Pic fails to deliver the terror, but more than compensates with shock.
“Birdemic: Shock and Terror” fails to deliver the terror, but more than compensates with shock — i.e., the sounds of jaws falling to the floor in stunned disbelief, likely to be heard during pic’s frequent acoustical dropouts. Howlingly bad films are a dime a dozen, but the evident Ed Wood-like sincerity with which writer-director James Nguyen lovingly crafted this compendium of cinematic don’ts gives it a goofy, almost surrealist charm. Attracting major media attention nationwide, delighting auds who clap along with the canned music and gasp aloud at the stunningly awful f/x, “Birdemic” has carved out a place in the pantheon of midnight movies.
Nguyen’s professed fascination with Hitchcock films yields a plot that might be described as “The Birds” with all ambiguities and psychological crosscurrents summarily removed and replaced with pronouncements about the evils of global warming — responsible for everything from viral birds to starving polar bears.
The film’s first 40 minutes are strictly reserved for Romance and Normalcy. Rod, an ecologically minded software salesman (Alan Bagh, in a perf of truly awesome ineptitude) meets cheery, unassuming model Nathalie (Whitney Moore — game, but no match for her cliche-riddled part). Their relationship quickly pays off, as Rod improbably closes a million-dollar deal from his dinky office cubicle while Nathalie, barely able to strike a pose, lands a gig as cover model for Victoria’s Secret.
When the birds finally attack, amid much avian shrieking, leaving slashed or toxic-turd-covered corpses in their wake, our intrepid, environment-loving protagonists fight them off with bursts of rifle fire.

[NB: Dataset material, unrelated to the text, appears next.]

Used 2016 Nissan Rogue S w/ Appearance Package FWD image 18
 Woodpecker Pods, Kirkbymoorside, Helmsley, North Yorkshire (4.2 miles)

“Birdemic” displays all the revered hallmarks of hilariously bad filmmaking: inane dialogue (compounded by Vietnamese-born Nguyen’s imperfect grasp of the language), miscued music, godawful sound (alternating between lines barely heard above the ambient noise and total silence), and special effects that simply must be seen to be believed: birds dive-bombing and exploding in red-and-yellow poofs of smoke, and clip-art eagles, crudely pasted on the screen, with only their wing tips mechanically flapping.
But beyond these expected cheesy drolleries, Nguyen’s odd, often ambitious directorial choices constantly surprise. The emphases of this self-trademarked “Master of the Romantic Thriller” often defy narrative logic; he spends inordinate minutes on shots of Rod driving around town, to and from work, and in and out of driveways. Instead of one or two establishing shots of the town, Nguyen opts for 12. Given his dissociative editing style, sometimes so disjointed as to appear hallucinatory, a simple trajectory might be covered from five different, disconcertingly mismatched angles, each with wildly disparate lighting, expression and attitude.